O problema não é o fato isolado de um voo ou outro – política e diplomacia de alto nível vão continuar emitindo carbono. O problema é a disparidade obscena entre o discurso moralizante dirigido à população (“consuma menos”, “mude seus hábitos”) e o comportamento real das elites, que seguem vivendo como se tivessem um planeta sob medida.
O que essa hipocrisia revela?
Histórias como:
Gates shorteando Tesla enquanto vende a imagem de investidor climático exemplar,
Celebridades lotando o feed de mensagens ecológicas enquanto seus jatinhos decolam como ônibus…
Políticos aprovando leis verdes enquanto cruzam o país em aviões particulares…

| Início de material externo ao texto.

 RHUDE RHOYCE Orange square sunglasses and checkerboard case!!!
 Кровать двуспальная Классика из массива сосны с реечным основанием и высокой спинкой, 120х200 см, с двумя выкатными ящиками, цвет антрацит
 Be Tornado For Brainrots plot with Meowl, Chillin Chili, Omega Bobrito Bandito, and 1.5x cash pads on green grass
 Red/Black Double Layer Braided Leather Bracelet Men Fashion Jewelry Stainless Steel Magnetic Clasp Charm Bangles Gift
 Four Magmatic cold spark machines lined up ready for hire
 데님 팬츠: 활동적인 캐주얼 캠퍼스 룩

têm um ponto em comum: o clima vira marketing, não compromisso.
A mensagem implícita é perigosa: “nós continuamos com nosso estilo de vida ultra intensivo em carbono, vocês fazem a parte de vocês reciclando, plantando árvore e pagando mais caro na conta de luz em nome da transição”.

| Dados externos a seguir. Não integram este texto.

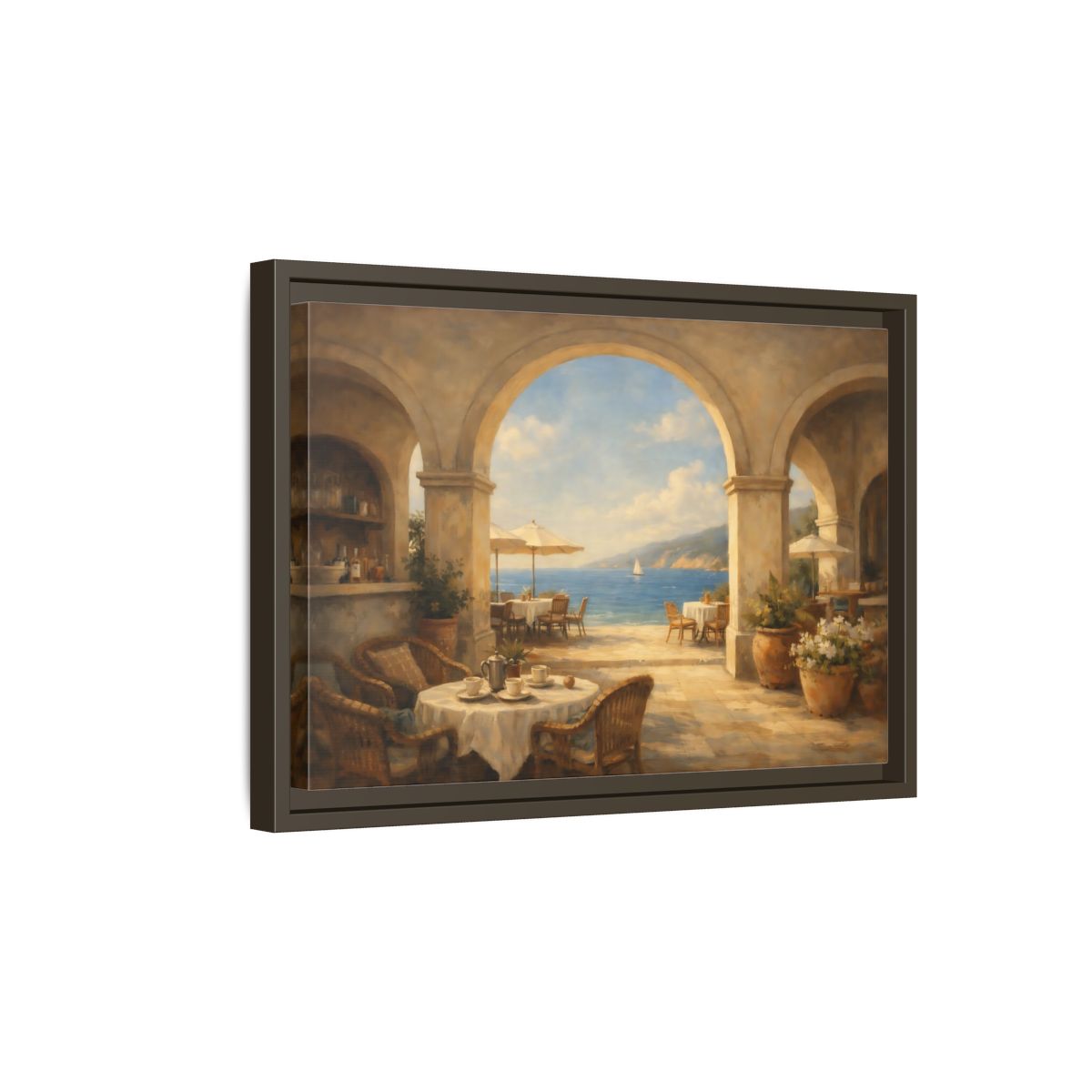Side Mockup 5. Nature Coastal Cafe Mediterranean Cafe shown as stretched canvas wall art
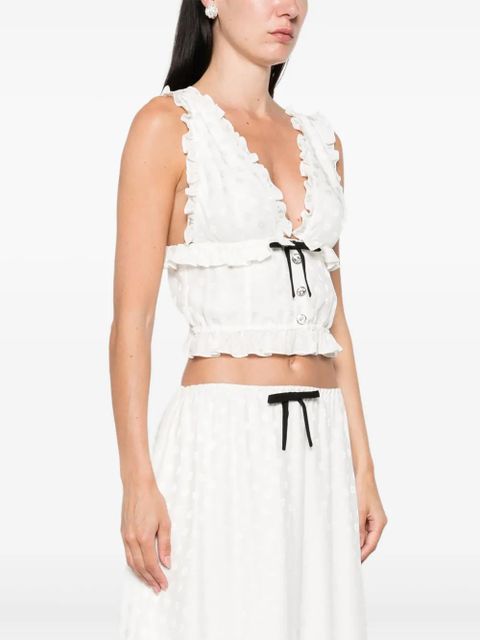 Alessandra Rich bow-detail sleeveless top - White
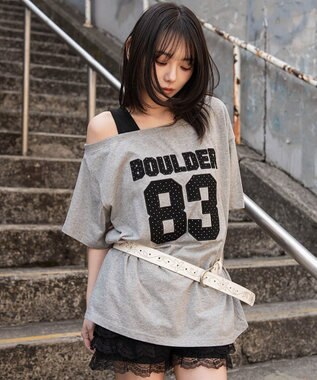 WEGO タンクレイヤードワンショルビッグT 杢グレー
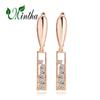 MINTHA Clip Earrings Trendy Fashion Jewelry Cubic Zirconia Long Drop Earrings For Women Rose Gold Color Earrings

Quando Musk diz que não dá pra “salvar o planeta e shortear Tesla ao mesmo tempo”, ele toca numa ferida real – mesmo sendo ele próprio uma figura controversa.
Não é só sobre uma briga de egos entre bilionários: é sobre a lógica de um sistema que transforma até a crise climática em ativo financeiro e capital reputacional.
Num mundo em que a conta da crise ambiental cai primeiro sobre os mais pobres, apontar essa hipocrisia não é moralismo – é política. Porque enquanto o debate fica preso em discursos vazios de celebridades e bilionários, as decisões estruturais (matriz energética, subsídios, regulação de jatinhos e megaiates, taxação da riqueza e do carbono de luxo) seguem intocadas.
Se o clima é, de fato, a grande pauta do século, ele não pode ser terceirizado para o marketing verde dos muito ricos. Coerência não é perfeição individual – é alinhar interesse privado, política pública e limite planetário. O resto é só mais um discurso bonito a bordo da primeira classe.